It’s fine that you are happy in what you do, but don’t kid yourself that lorry driving is in any way a ‘profession’. To be a professional takes years of study and training - your doctor is a professional as is the architect who designed your house. A job that takes two weeks to learn is just not in the same league.

I would argue that being a doctor is a “discipline”. The biggest hurdle to jump is having the infrastructure in your life to be in a position to go to medical college to learn that discipline. :exclamation:

No it isn’t. It’s having the brains to study for up to ten years then spend a qualifying period of several more in a hospital learning the ropes.

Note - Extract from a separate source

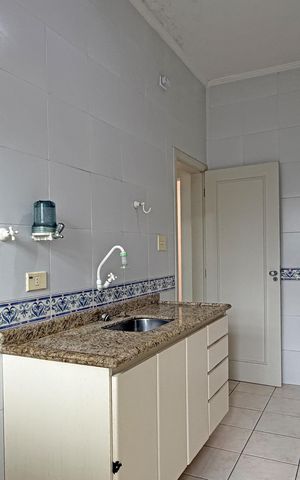 Apartamento para alugar com 80m², 1 quarto e 1 vagaCozinha 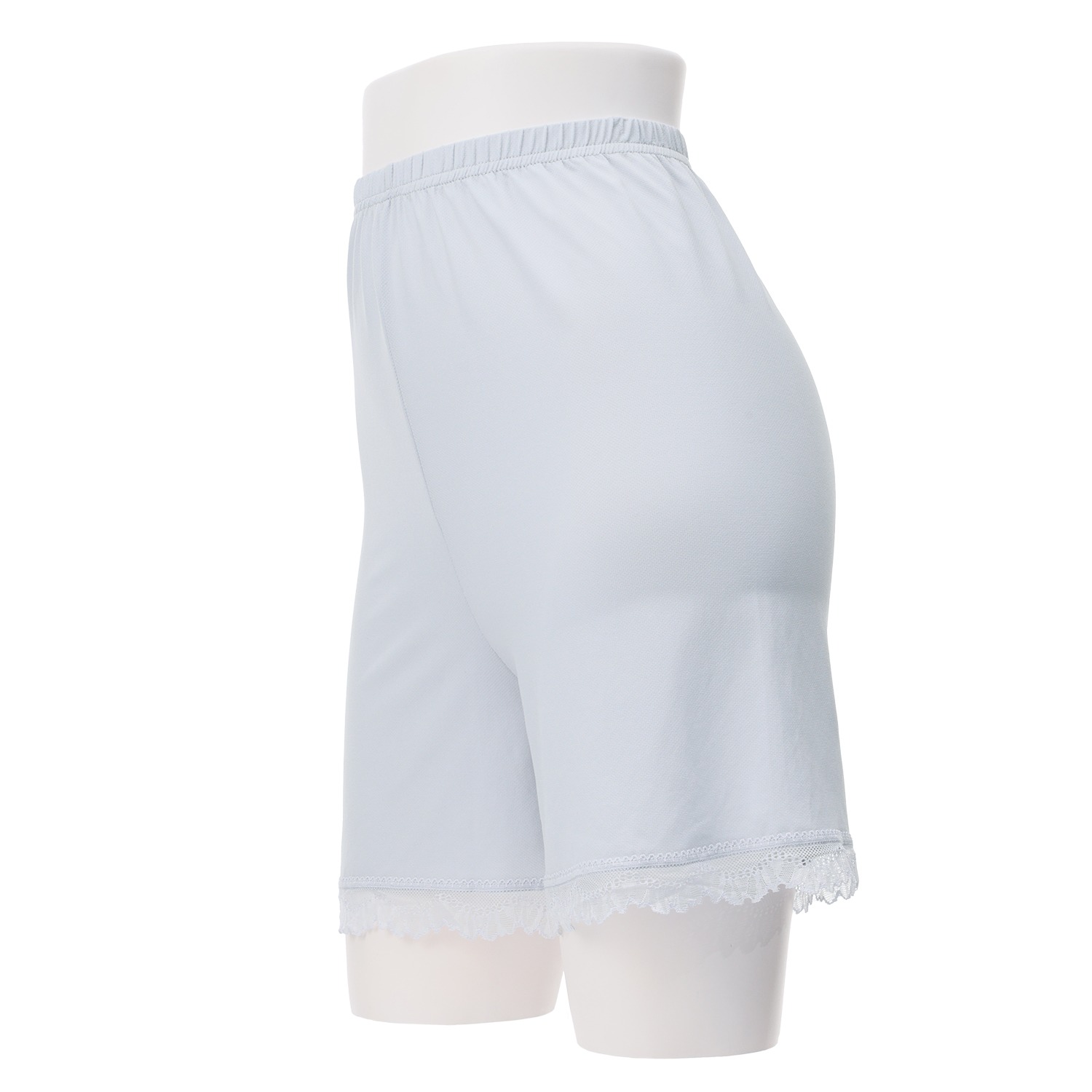 ジュエル 接触冷感・抗菌防臭 さらっとメッシュ キュロットペチコート ３枚セット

You have the choice as a trained doctor to either work for a employer or go into business for yourself. The job won’t come out and find you. This is pretty much the same as being a professional driver, which I would rate as “semi-skilled” in that 2 weeks to learn is obviously less difficult that many years. It is still a discipline to get a LGV licence nonetheless, and therefore a profession too. Here’s one for you… Is a unemployed trucker better than an unemployed doctor?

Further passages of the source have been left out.